Dean of JSOM Hasan Pirkul credits the rating jump to JSOM’s full-time MBA program, which offers a comprehensive understanding of fundamental aspects of business management, including leadership and organizational behavior, before entering post-graduate life. The increased ranking comes as UTD now reaches T50 public school status – according to U.S. News and World Report, UTD is ranked No. 58 in public schools this year, compared to a No. 72 ranking in October 2022.
Of UTD’s seven schools, JSOM has the most students enrolled, with 10,412 students in 2022, accounting for 25% of all undergraduates and 49% of graduates. JSOM also ranked No. 2 worldwide in business-related research contributions from the years 2018–2022. Research projects through Jindal professors include improving fraud identification technology, the impact of racial diversity on retail store success and the effect of fraud on investor behavior.

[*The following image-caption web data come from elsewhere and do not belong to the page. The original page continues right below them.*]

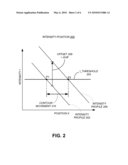 ASSIST FEATURE PLACEMENT BASED ON A FOCUS-SENSITIVE COST-COVARIANCE FIELD diagram and image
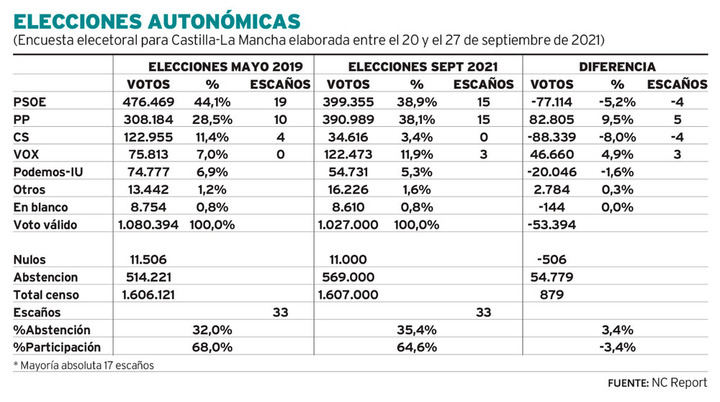 El PP gobernaría con Vox en CLM, Cs se quedaría fuera de las Cortes y en Guadalajara el Partido Popular obtendría 2 diputados y 1 Vox
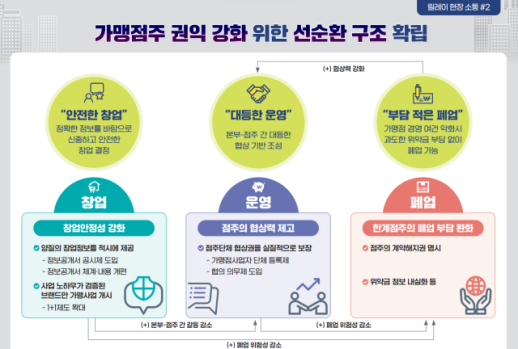 프랜차이즈 정보공개서, 공시로 개편…가맹점주단체 등록제 도입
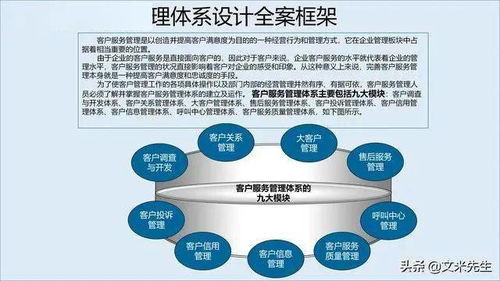 從產(chǎn)品到服務 構建企業(yè)服務管理體系的關鍵路徑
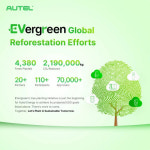 Autel Energy’s Global ESG Launch Is A Success: Around 5,000 Trees Planted In EVergreens Inaugural Tree Planting Initiat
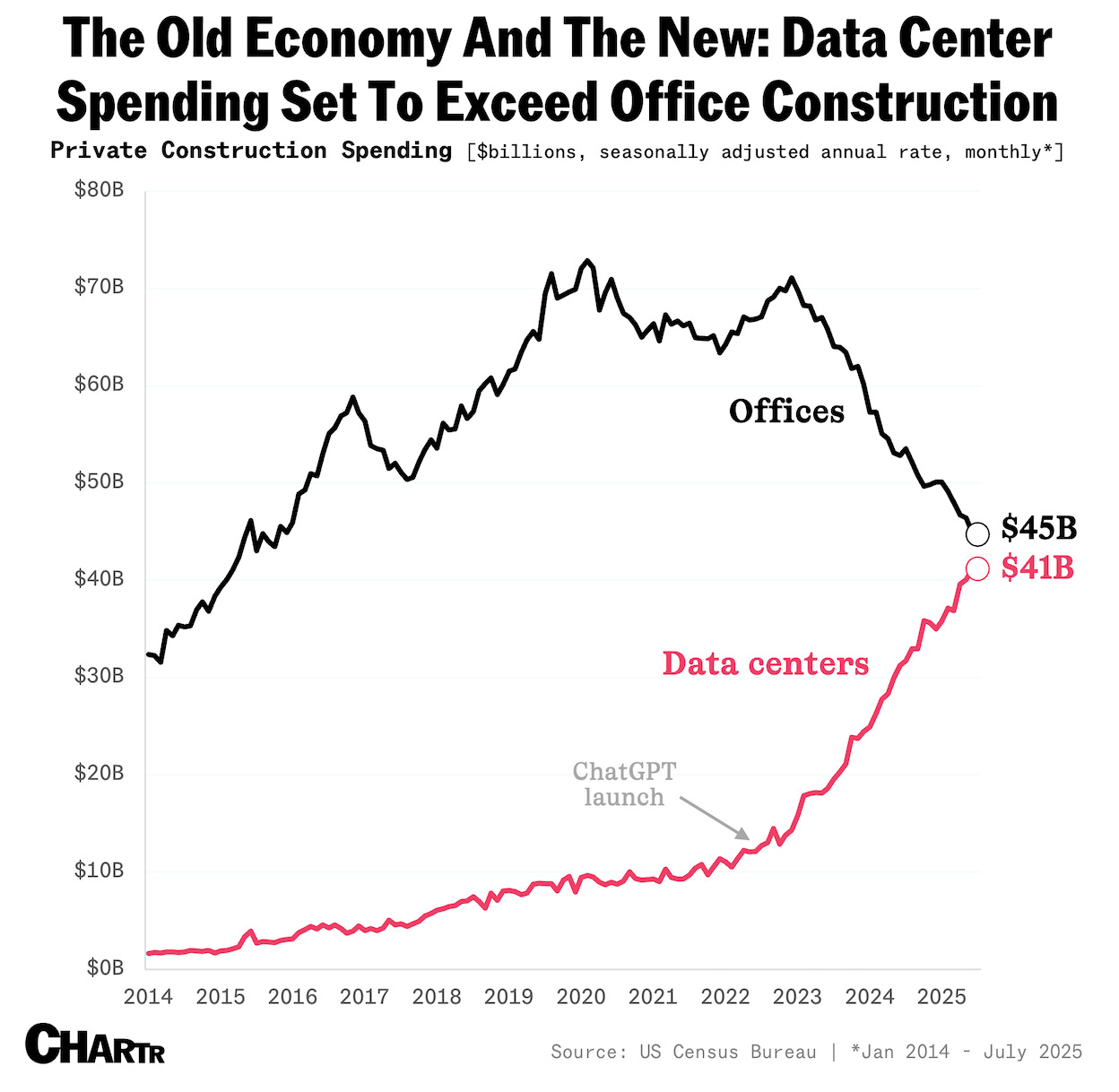 A graph showing the price of a company

AI-generated content may be incorrect.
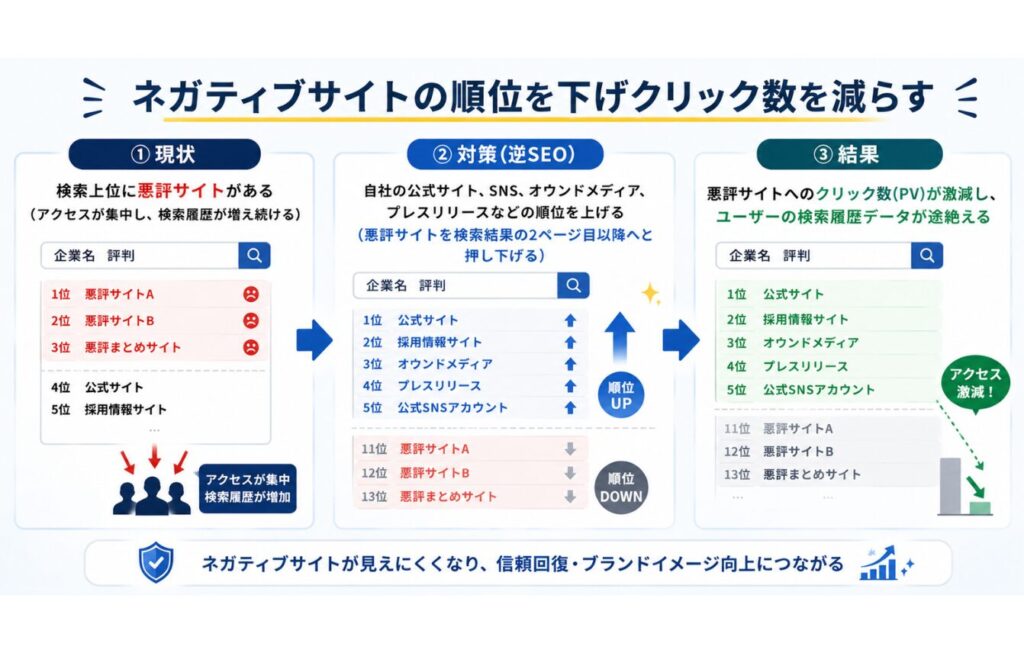 【逆SEO対策】ネガティブサイトの順位を下げクリック数を減らす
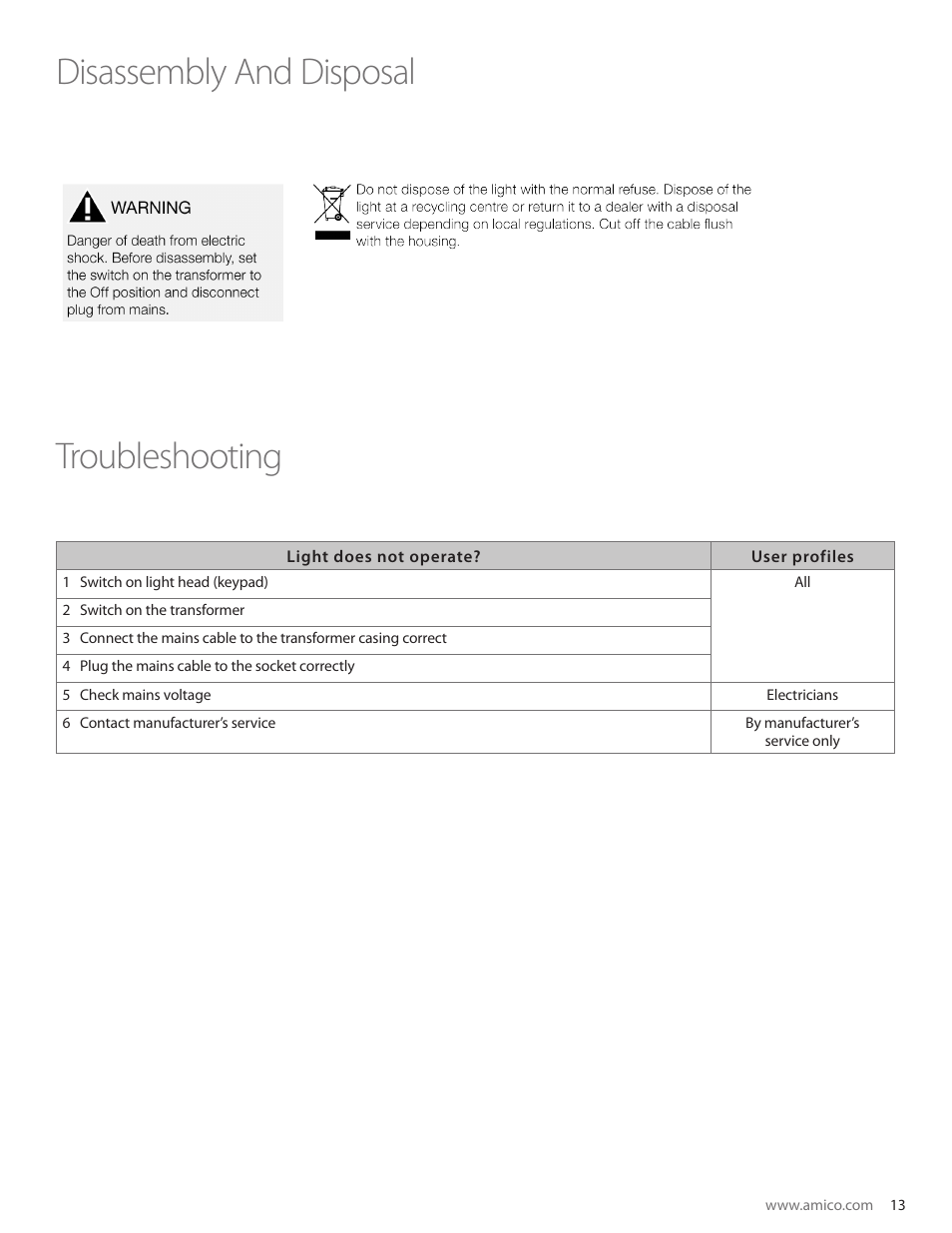 Disassembly and disposal troubleshooting | Amico Gamma 50 LED User Manual | Page 13 / 18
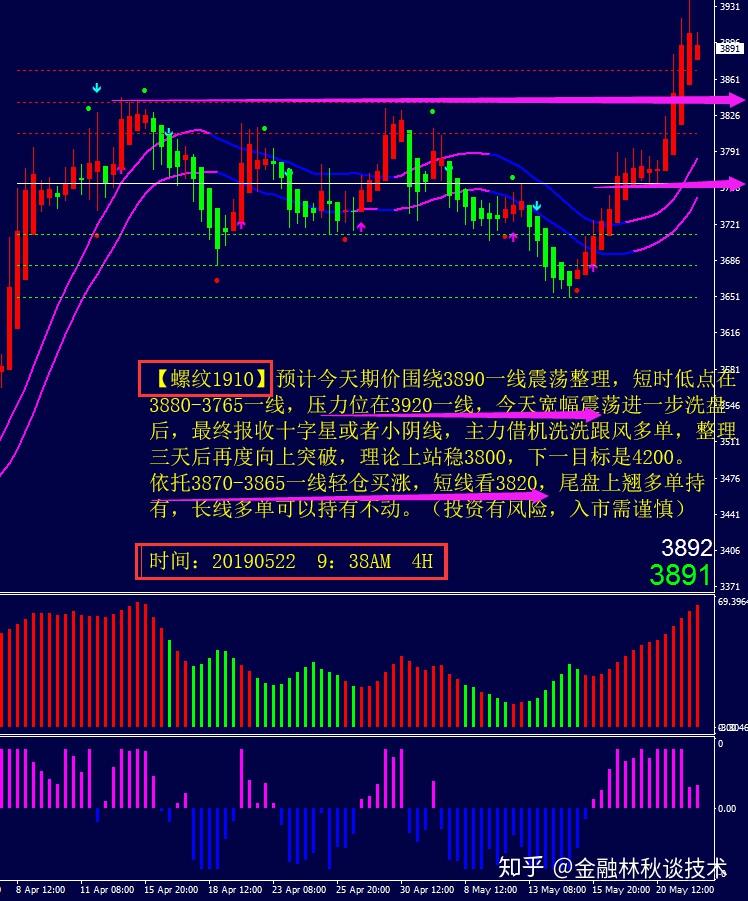 抄底财经早报（联合早报中文网官网入口） 抄底财经早报（连合

早报中文网官网入口）《联合早报财经网》 财经新闻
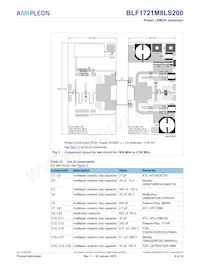 BLF1721M8LS200U Datasheet Pagina 6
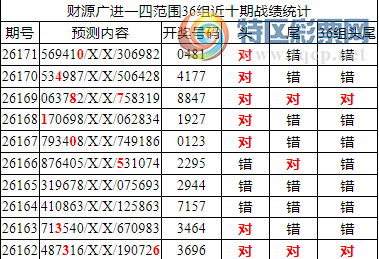 [������] 26172�ڣ������о��ֲ���΢�ʻ�����������ʦ֥�鷶Χ��048X748 / ����:�ͷ�-С�� / ����ID:1287648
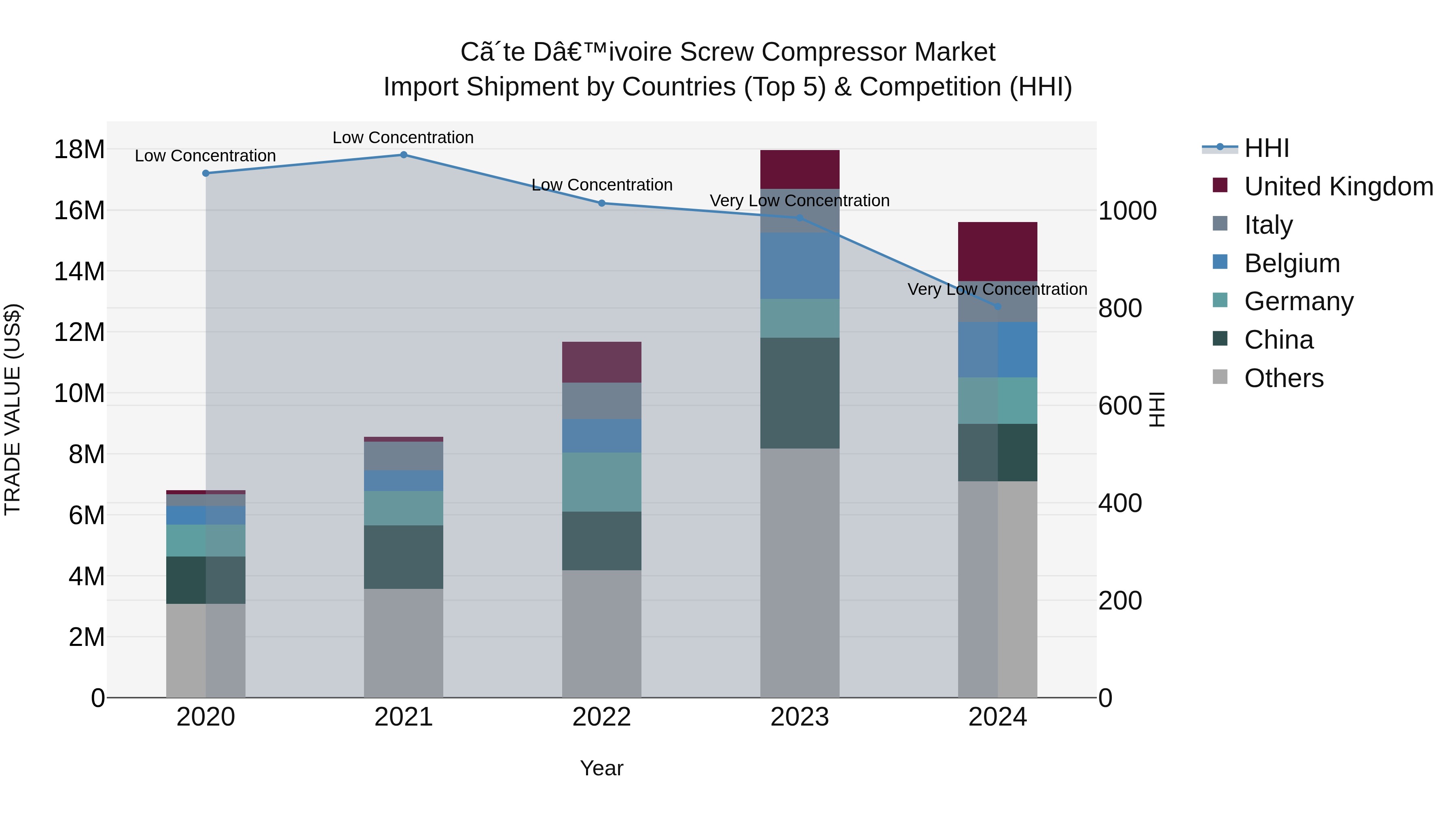 Ivory Coast Screw Compressor Market: Top 5 Importing Countries and Market Competition (HHI) Analysis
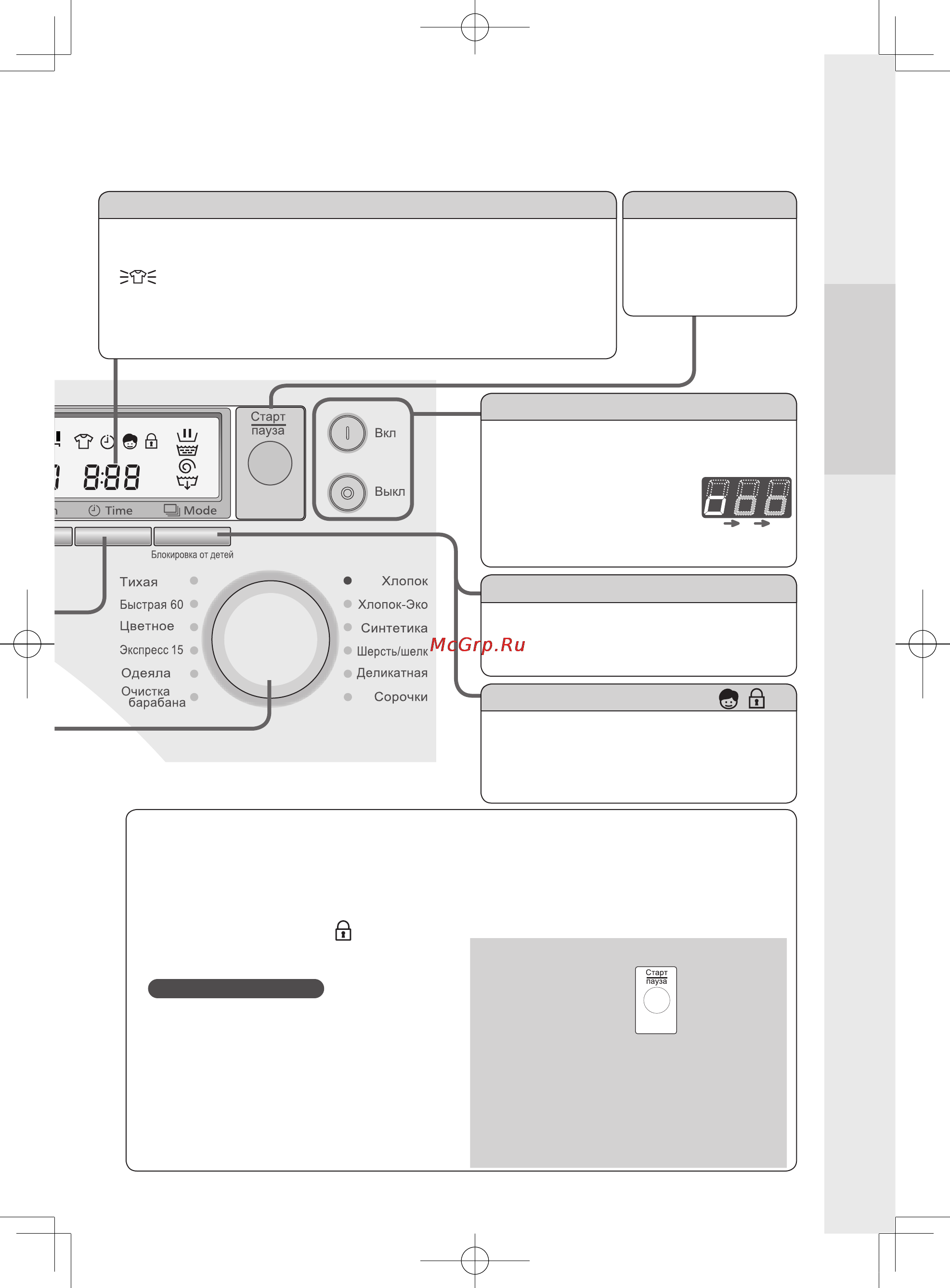 Panasonic NA-14VA1 [10/40] Как блокировать и разблокировать дверцу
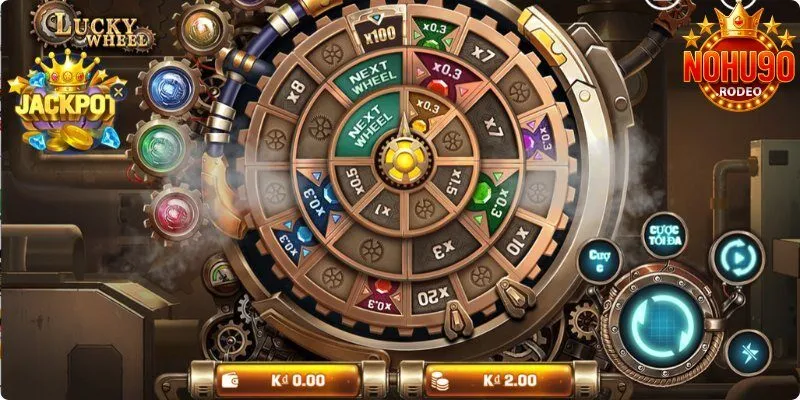 Hũ Vòng Quay May Mắn và tính năng đặc biệt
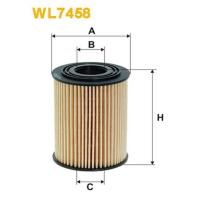 ราคา กรองเครื่อง CHEVROLET CRUZE 2.0 CDI 2010- CAPTIVA C100 2.0 2006-2011 LLW 2.0 ดีเซล กรองกระดาษ WIX (23365695627)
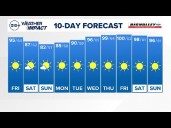 Sacramento Weather Forecast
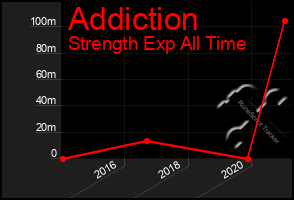 Total Graph of Addiction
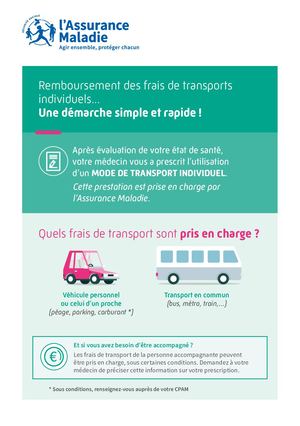 Remboursement Frais Transports Individuels Flyer Assurance Maladie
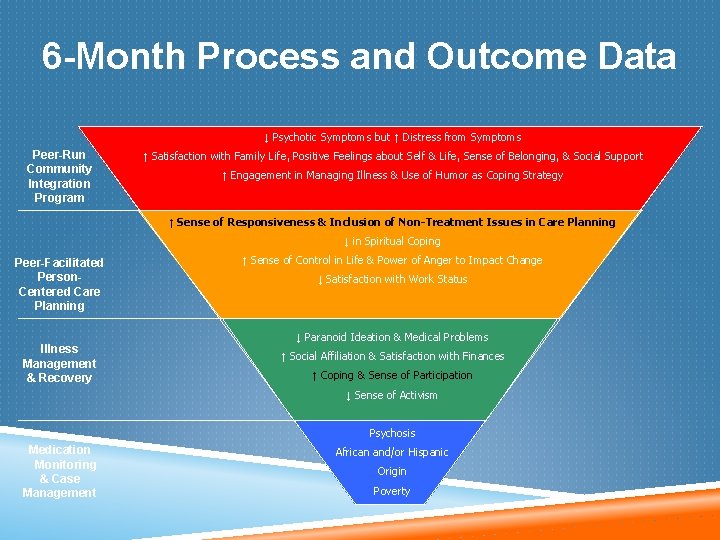 6 -Month Process and Outcome Data ↓ Psychotic Symptoms but ↑ Distress from Symptoms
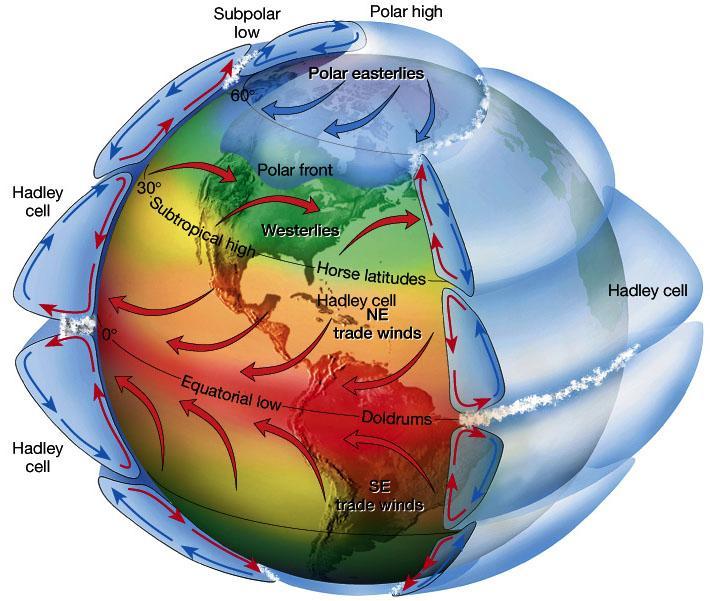 Se o mundo fosse uma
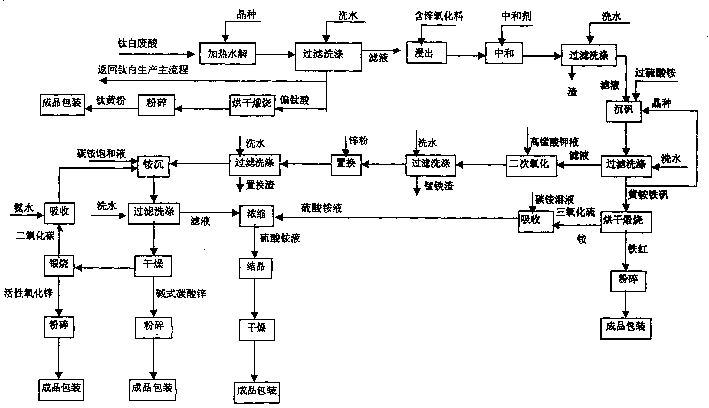 Process for comprehensive utilization of waste acid containing titanium oxide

Pirkul has directed the school for 27 years. He received a bachelor’s degree in industrial engineering from Bogazici University in Istanbul, Turkey and graduated from the University of Rochester’s Simon School with a master’s degree in management science and a Ph.D. in computer information systems. Pirkul said UTD’s ranking can be attributed to his efforts with his colleagues, including creating unique internship opportunities and pursuing international recognition. Under Pirkul’s tenure, JSOM has hired world-class faculty, like associate professor Skuza Agnieszka, a business growth coach from Poland with extensive research in talent management, as well as Business Analytics Director Prajakti Akarte, who has interest in finance, geopolitics and data science.
“I came with the goal of building [a] nationally and internationally ranked visible high quality business school and I think if you have that commitment … good things happen,” Pirkul said.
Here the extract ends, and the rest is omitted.